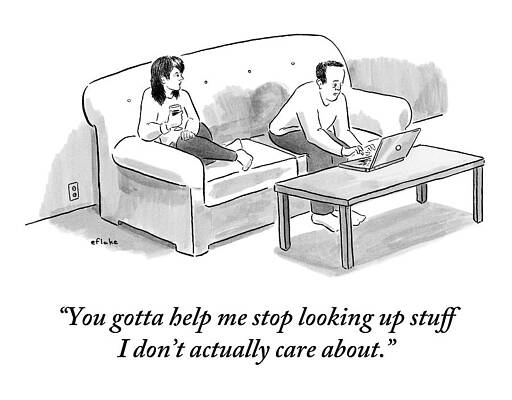 Couple Discussing Internet Habits Drawing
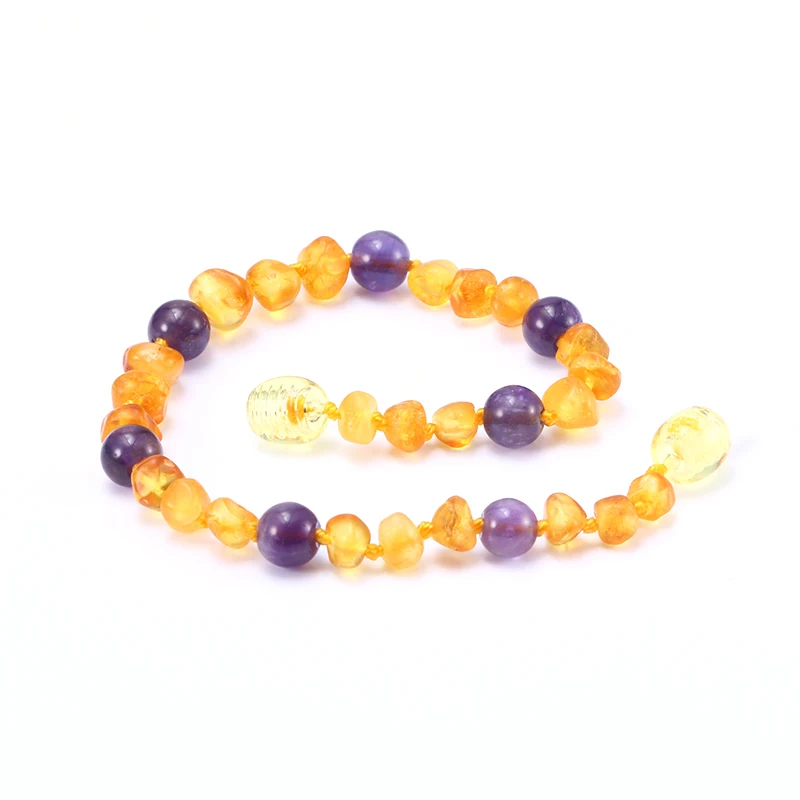 Haohupo Bracelet Collier D Ambre Brut Avec Amethyste Pour Bebe Perles D Ambre Irregulieres Naturelles Authentiques Bijoux Pour Enfants Femmes Aliexpress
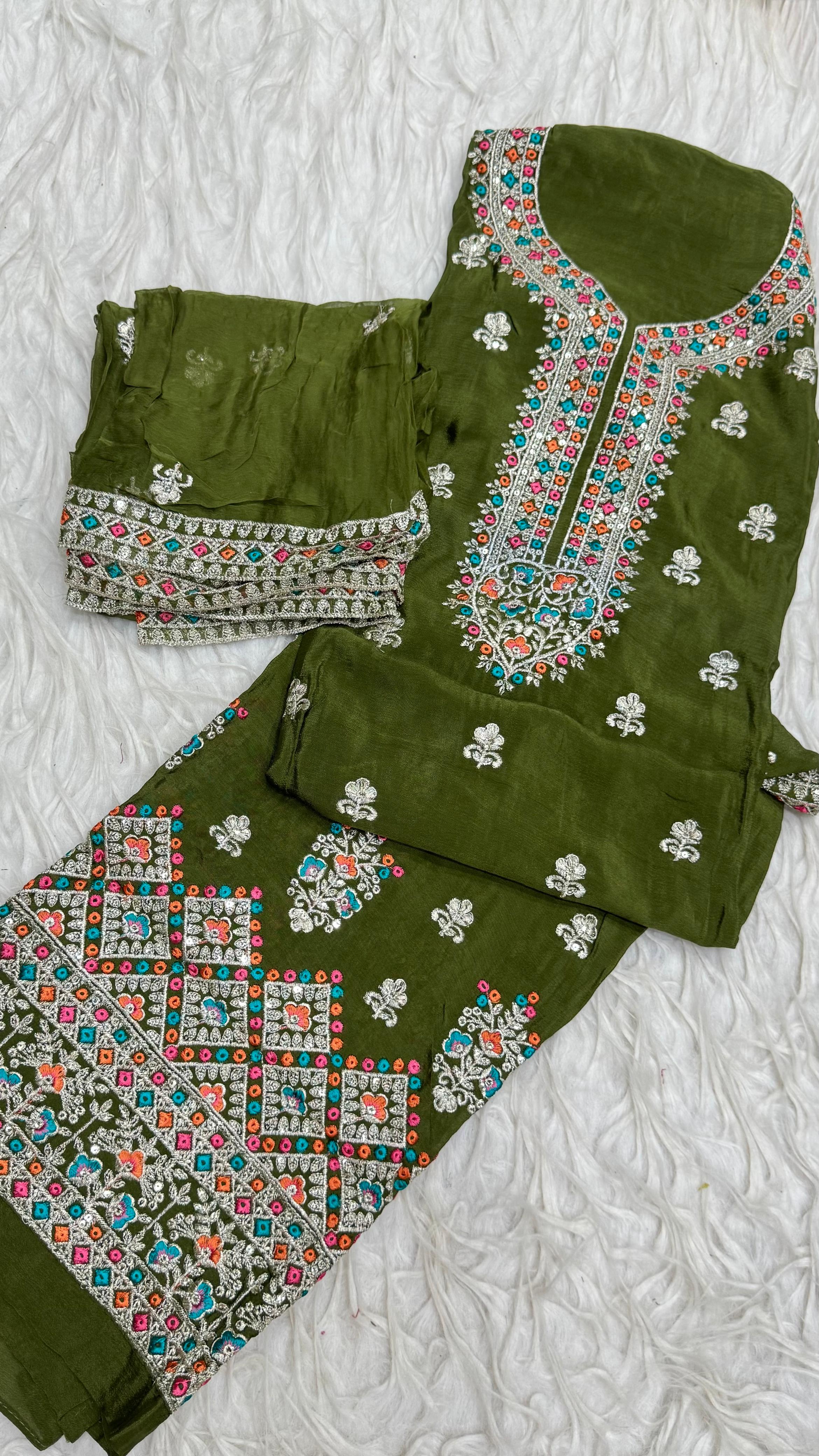 Party Wear 3Pc Dress Material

______________________________

_What is needed_.
Copy out the listing exactly as it stands, but not the pictures.

_Solution_.
 Couple Discussing Internet Habits Drawing
 Haohupo Bracelet Collier D Ambre Brut Avec Amethyste Pour Bebe Perles D Ambre Irregulieres Naturelles Authentiques Bijoux Pour Enfants Femmes Aliexpress
 Party Wear 3Pc Dress Material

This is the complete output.